Directions for this task:
Look through the entries below for the line with "the case would" and the line with "In Python, deleting", then give again exactly those two lines and all lines between them, minus the pictures.
Data section below:
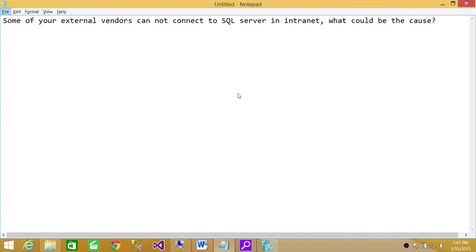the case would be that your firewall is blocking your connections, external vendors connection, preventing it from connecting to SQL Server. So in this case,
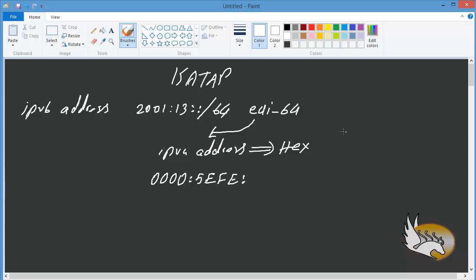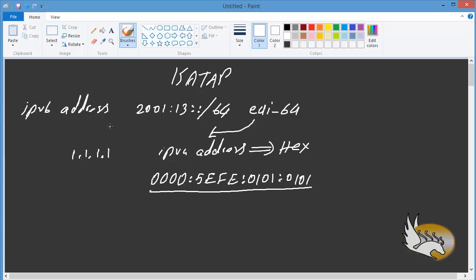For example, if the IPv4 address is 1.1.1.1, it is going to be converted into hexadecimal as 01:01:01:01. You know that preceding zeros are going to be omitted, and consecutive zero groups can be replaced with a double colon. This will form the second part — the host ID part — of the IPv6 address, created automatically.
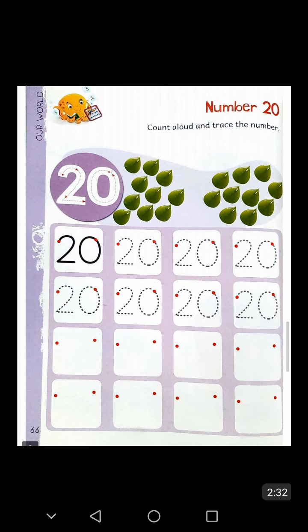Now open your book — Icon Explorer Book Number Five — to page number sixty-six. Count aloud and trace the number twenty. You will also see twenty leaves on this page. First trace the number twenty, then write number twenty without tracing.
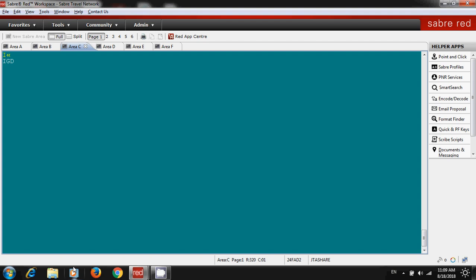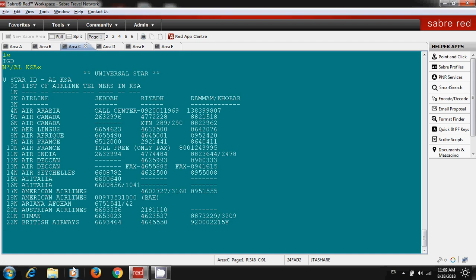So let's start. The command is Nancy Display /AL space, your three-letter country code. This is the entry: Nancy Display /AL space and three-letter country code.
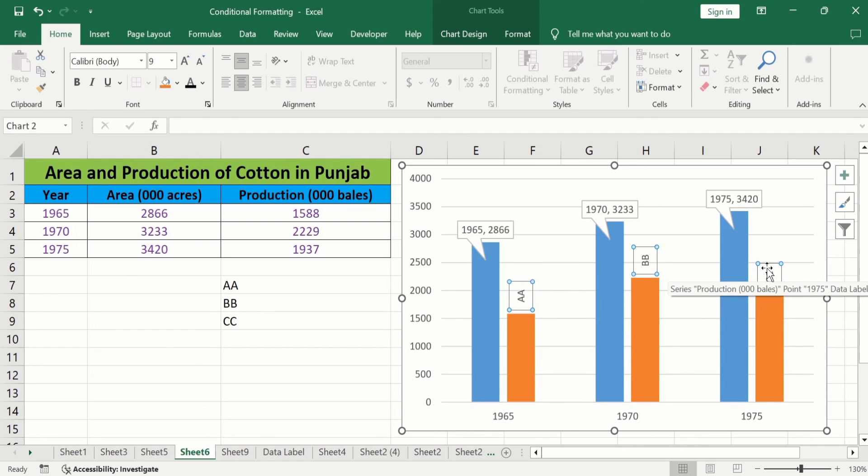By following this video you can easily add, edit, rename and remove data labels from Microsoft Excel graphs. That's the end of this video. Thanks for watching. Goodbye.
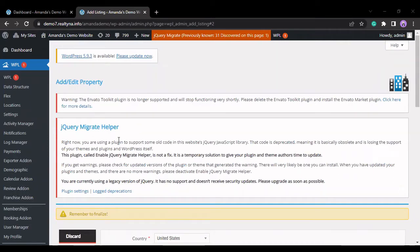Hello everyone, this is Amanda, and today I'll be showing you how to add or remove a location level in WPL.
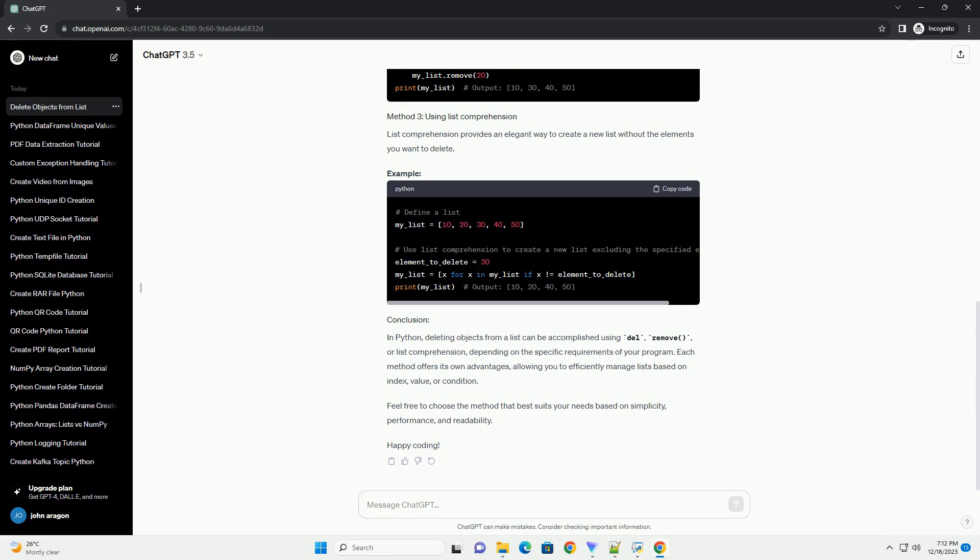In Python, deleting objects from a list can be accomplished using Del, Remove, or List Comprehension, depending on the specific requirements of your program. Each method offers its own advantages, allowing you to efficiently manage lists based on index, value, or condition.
End of Data section.
Data section below:
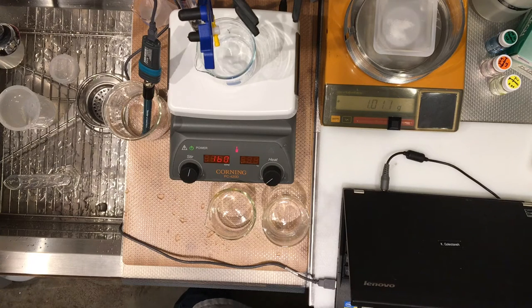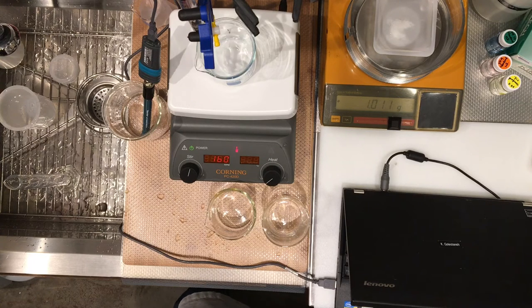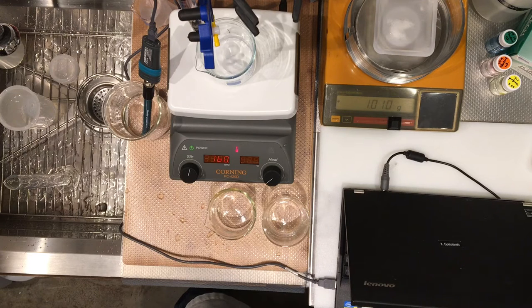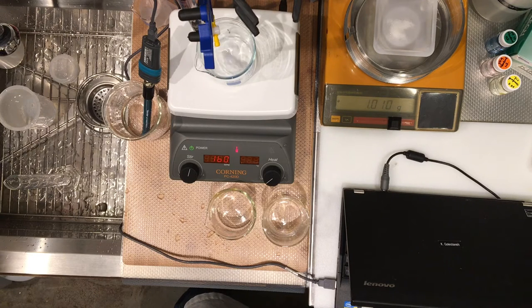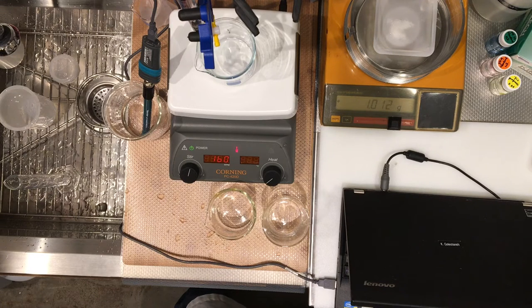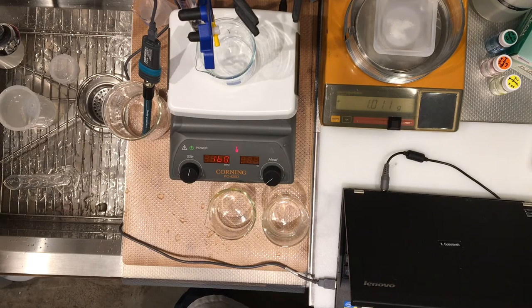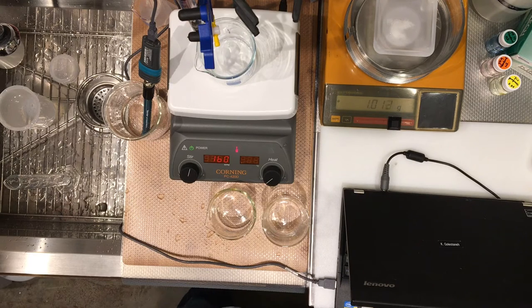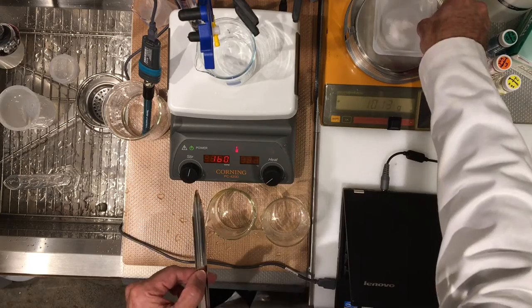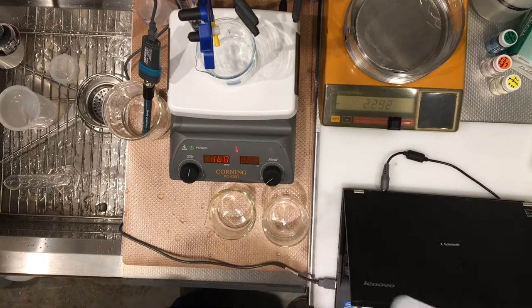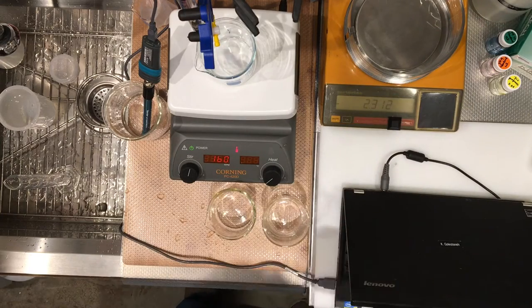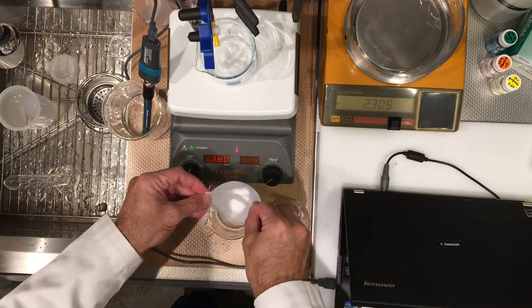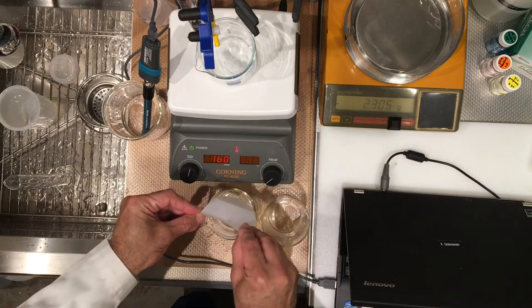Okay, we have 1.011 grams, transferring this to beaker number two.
End of Data section.
Data section below:
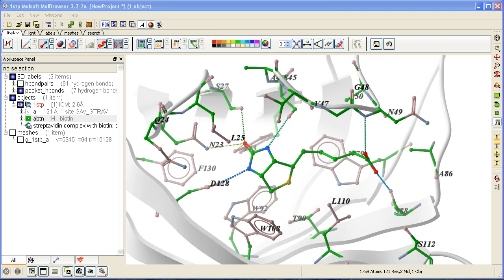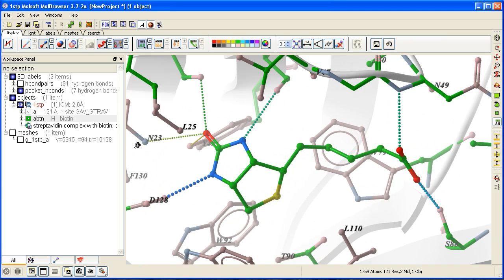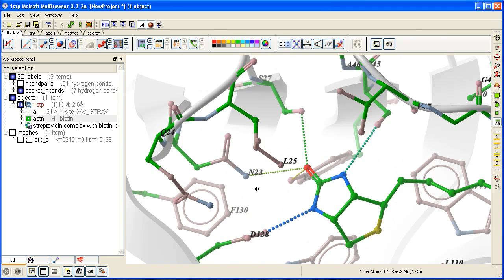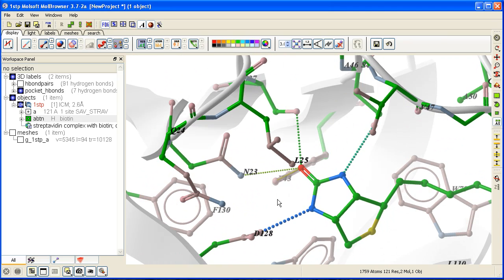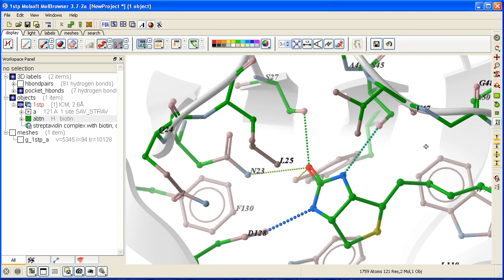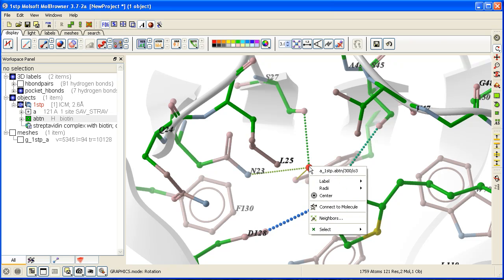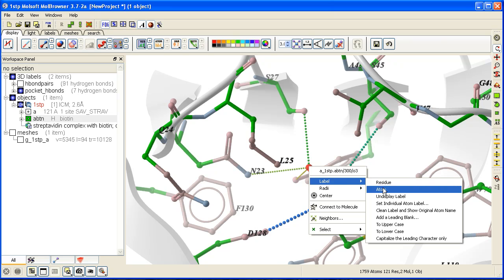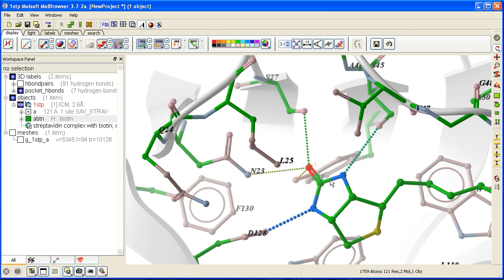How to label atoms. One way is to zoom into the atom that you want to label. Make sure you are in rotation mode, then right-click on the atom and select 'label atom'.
End of Data section.
Exercise answer:
the case would be that your firewall is blocking your connections, external vendors connection, preventing it from connecting to SQL Server. So in this case,
For example, if the IPv4 address is 1.1.1.1, it is going to be converted into hexadecimal as 01:01:01:01. You know that preceding zeros are going to be omitted, and consecutive zero groups can be replaced with a double colon. This will form the second part — the host ID part — of the IPv6 address, created automatically.
Now open your book — Icon Explorer Book Number Five — to page number sixty-six. Count aloud and trace the number twenty. You will also see twenty leaves on this page. First trace the number twenty, then write number twenty without tracing.
So let's start. The command is Nancy Display /AL space, your three-letter country code. This is the entry: Nancy Display /AL space and three-letter country code.
By following this video you can easily add, edit, rename and remove data labels from Microsoft Excel graphs. That's the end of this video. Thanks for watching. Goodbye.
Hello everyone, this is Amanda, and today I'll be showing you how to add or remove a location level in WPL.
In Python, deleting objects from a list can be accomplished using Del, Remove, or List Comprehension, depending on the specific requirements of your program. Each method offers its own advantages, allowing you to efficiently manage lists based on index, value, or condition.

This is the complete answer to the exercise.